I was looking at the ever-popular (but strangely absent this summer
) Paul Thomsen's blog recently and I noticed this article entitled "Reporting on client version for multiple sites". His code does some cool stuff so I did what normal admins do and swiped his code for my own purposes. Then I did what any hard-core geek would do, I tried to think if there was any way I can improve on the code. After all, most really great products started out as good ideas that people have built upon over time. When I realized what he was doing, I thought I could come up with a way to get the desired results in a little different way and perhaps more efficiently. (I want to emphasise that Paul is one of the better engineers out there and my improving on his code is not meant to imply that he needs help with his SQL code, which he doesn't, it is intended to highlight that almost everything anyone writes, including everything I've ever written, can be improved upon and this gave me an opportunity to post about the SQL 2005 PIVOT statement and improve something at the same time).
So in dissecting the code, I noticed that there were a number of subqueries that all went back to the same table, I saw a NOT IN, which from a SQL-performance standpoint is something I try to shy away from if I can do it another way, and I noticed that really he was manually pivoting on the sitecode (pivoting is going from rows to columns, unpivoting is going from columns to rows). At Wells Fargo, we're using SQL 2005 so I figured this was a perfect opportunity to use the newly introduced PIVOT command. (Note: Don't try this on SQL 2000 or earlier as there isn't a PIVOT statement)
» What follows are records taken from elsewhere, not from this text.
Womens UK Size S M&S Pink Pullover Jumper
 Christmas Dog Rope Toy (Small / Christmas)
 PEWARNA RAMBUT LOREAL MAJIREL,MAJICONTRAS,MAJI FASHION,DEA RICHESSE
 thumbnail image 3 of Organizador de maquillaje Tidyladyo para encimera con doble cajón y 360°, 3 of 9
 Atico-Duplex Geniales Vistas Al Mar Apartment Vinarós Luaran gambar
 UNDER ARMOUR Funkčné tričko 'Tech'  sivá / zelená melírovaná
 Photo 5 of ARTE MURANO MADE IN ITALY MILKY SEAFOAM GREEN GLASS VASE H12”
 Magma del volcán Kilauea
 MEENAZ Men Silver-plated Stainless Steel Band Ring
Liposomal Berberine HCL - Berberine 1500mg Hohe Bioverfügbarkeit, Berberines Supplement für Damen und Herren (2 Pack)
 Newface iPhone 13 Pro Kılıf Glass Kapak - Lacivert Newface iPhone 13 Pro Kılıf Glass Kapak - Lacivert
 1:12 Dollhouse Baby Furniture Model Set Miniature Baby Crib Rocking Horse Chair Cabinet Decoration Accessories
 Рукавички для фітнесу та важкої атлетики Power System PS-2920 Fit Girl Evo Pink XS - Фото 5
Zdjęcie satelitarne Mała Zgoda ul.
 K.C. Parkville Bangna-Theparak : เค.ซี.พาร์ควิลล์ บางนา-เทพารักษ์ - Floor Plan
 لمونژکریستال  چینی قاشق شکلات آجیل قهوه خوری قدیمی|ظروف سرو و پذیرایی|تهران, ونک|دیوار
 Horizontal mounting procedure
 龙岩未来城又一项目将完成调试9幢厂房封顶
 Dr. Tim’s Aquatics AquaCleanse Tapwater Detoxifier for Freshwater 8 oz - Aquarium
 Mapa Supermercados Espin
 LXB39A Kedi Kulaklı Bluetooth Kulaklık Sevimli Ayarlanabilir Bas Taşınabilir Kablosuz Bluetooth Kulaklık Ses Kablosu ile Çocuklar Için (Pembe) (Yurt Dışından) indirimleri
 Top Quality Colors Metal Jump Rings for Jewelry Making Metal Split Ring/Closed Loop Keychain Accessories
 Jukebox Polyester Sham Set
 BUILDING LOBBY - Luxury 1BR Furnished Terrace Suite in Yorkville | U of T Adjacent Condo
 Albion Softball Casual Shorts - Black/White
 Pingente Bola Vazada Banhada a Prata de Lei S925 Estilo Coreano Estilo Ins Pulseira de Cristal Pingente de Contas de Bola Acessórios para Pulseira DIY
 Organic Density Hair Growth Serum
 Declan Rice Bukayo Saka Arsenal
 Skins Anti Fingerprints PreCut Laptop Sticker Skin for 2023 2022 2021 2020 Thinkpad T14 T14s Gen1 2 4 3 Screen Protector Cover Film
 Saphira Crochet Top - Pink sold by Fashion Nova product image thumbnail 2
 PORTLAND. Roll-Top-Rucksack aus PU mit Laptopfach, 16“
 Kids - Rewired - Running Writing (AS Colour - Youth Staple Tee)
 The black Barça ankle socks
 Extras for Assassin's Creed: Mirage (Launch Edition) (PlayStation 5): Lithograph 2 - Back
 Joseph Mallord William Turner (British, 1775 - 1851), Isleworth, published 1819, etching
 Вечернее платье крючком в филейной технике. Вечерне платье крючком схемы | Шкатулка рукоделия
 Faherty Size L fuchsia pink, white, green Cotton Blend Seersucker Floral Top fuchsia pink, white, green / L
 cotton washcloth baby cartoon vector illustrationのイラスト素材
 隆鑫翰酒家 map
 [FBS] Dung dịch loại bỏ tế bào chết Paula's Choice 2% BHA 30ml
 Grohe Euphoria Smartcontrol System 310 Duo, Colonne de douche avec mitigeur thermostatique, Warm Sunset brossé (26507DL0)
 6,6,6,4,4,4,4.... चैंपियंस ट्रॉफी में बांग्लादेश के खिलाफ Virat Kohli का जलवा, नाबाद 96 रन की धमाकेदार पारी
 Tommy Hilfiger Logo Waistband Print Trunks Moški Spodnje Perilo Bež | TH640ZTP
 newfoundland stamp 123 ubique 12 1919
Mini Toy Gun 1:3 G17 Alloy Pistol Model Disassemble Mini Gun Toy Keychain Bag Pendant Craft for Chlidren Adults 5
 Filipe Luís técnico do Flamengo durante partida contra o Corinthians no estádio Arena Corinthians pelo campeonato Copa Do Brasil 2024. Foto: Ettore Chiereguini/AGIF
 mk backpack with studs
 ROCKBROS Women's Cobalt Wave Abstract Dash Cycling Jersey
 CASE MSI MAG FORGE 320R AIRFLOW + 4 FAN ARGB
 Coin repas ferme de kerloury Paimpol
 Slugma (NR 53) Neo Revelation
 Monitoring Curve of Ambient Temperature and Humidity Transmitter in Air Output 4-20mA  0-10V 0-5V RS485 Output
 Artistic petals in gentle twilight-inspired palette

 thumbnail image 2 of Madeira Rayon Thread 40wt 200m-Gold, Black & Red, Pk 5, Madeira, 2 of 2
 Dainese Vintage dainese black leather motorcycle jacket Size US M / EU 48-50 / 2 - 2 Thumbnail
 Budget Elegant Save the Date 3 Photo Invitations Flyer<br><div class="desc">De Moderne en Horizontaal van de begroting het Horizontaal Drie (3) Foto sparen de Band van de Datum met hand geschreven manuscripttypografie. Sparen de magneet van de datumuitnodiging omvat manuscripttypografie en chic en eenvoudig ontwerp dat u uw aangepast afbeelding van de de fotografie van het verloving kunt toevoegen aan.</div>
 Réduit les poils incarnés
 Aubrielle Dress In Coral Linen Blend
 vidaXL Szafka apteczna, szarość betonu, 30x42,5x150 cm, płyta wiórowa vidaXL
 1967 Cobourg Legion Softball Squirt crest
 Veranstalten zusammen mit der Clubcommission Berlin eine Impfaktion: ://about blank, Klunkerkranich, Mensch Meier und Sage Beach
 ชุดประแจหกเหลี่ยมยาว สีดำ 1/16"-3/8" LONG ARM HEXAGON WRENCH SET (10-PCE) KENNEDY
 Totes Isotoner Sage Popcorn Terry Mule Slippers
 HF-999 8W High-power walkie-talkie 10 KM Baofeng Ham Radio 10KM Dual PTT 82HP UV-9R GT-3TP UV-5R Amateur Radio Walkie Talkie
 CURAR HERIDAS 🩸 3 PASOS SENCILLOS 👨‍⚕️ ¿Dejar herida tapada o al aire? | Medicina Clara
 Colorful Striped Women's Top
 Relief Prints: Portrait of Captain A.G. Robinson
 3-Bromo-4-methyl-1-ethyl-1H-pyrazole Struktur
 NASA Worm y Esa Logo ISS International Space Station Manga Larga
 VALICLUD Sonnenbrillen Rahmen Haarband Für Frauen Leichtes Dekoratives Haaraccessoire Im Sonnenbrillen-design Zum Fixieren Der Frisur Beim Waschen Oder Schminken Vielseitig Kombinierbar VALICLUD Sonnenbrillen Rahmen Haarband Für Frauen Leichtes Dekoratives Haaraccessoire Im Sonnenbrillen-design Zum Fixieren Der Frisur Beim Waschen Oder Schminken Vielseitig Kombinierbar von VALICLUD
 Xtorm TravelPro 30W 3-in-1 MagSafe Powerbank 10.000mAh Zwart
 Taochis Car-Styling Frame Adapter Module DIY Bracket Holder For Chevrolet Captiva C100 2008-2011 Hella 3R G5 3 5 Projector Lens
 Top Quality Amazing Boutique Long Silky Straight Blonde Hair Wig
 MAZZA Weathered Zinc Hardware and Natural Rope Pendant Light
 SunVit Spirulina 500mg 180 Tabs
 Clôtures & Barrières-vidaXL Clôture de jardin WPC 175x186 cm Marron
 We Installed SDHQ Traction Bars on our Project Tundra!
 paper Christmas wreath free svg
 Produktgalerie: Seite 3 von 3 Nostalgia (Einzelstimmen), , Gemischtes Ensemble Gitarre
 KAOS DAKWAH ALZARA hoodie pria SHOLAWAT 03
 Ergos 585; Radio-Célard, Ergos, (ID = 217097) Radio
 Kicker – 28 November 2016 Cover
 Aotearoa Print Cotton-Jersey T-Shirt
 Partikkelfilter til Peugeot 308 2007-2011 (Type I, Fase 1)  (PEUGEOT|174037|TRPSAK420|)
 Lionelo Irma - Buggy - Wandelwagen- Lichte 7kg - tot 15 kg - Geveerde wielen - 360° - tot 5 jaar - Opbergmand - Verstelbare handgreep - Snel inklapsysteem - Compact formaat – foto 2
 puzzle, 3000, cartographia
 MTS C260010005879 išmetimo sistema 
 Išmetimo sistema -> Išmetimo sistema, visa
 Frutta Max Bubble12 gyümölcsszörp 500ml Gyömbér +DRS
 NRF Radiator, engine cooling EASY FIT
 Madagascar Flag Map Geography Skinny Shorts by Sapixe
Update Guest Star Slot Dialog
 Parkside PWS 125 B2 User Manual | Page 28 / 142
So here's the original code from Paul Thomsen (thanks Paul!) with our important site codes replacing his and I removed the case statement for the "v3 SP2 escrow" type stuff because it doesn't really mean anything more than the version number does to us:
SNIPPET #1SELECT client_version0 'version number',
(SELECT COUNT(DISTINCT name0)
FROM v_r_system sys2
JOIN v_ra_system_smsassignedsites ass2
ON sys2.resourceid = ass2.resourceid
AND sys2.client_version0 = sys1.client_version0
AND sms_assigned_sites0 = 'C20'
AND client0 = 1
AND obsolete0 = 0) 'C20',
(SELECT COUNT(DISTINCT name0)
FROM v_r_system sys2
JOIN v_ra_system_smsassignedsites ass2
ON sys2.resourceid = ass2.resourceid
AND sys2.client_version0 = sys1.client_version0
AND sms_assigned_sites0 = 'D20'
AND client0 = 1
AND obsolete0 = 0) 'D20',
(SELECT COUNT(DISTINCT name0)
FROM v_r_system sys2
JOIN v_ra_system_smsassignedsites ass2
ON sys2.resourceid = ass2.resourceid
AND sys2.client_version0 = sys1.client_version0
AND sms_assigned_sites0 = 'M20'
AND client0 = 1
AND obsolete0 = 0) 'M20',
(SELECT COUNT(DISTINCT name0)
FROM v_r_system sys2
JOIN v_ra_system_smsassignedsites ass2
ON sys2.resourceid = ass2.resourceid
AND sys2.client_version0 = sys1.client_version0
AND sms_assigned_sites0 = 'R20'
AND client0 = 1
AND obsolete0 = 0) 'R20',
(SELECT COUNT(DISTINCT name0)
FROM v_r_system sys2
JOIN v_ra_system_smsassignedsites ass2
ON sys2.resourceid = ass2.resourceid
AND sys2.client_version0 = sys1.client_version0
AND sms_assigned_sites0 = 'S33'
AND client0 = 1
AND obsolete0 = 0) 'S33',
(SELECT COUNT(DISTINCT name0)
FROM v_r_system sys2
JOIN v_ra_system_smsassignedsites ass2
ON sys2.resourceid = ass2.resourceid
AND sys2.client_version0 = sys1.client_version0
AND sms_assigned_sites0 = 'T20'
AND client0 = 1
AND obsolete0 = 0) 'T20',
(SELECT COUNT(DISTINCT name0)
FROM v_r_system sys2
JOIN v_ra_system_smsassignedsites ass2
ON sys2.resourceid = ass2.resourceid
AND sys2.client_version0 = sys1.client_version0
AND sms_assigned_sites0 NOT IN ('C20','D20','M20','R20','S33','T20')
AND client0 = 1
AND obsolete0 = 0) 'OTHER',
COUNT(DISTINCT name0) 'TOTAL'
FROM v_r_system sys1
JOIN v_ra_system_smsassignedsites ass1
ON sys1.resourceid = ass1.resourceid
WHERE client0 = 1
AND obsolete0 = 0
GROUP BY sys1.client_version0
ORDER BY 2 DESC
SAMPLE OUTPUT #1

This seemed to work fine and gives us a pretty good representation of what sites have what versions of the SMS client. But I wanted to replace all of those subquery SELECT statements from the code, I wanted to include the schema/owner names when addressing tables/views (see this article for more information) and I wanted to make sure the totals were going to add up properly every time (there were some rare cases where if a computername is assigned to multiple sites it wasn't totalling properly - someone wanna 'splain me how there can be multiple assignments?).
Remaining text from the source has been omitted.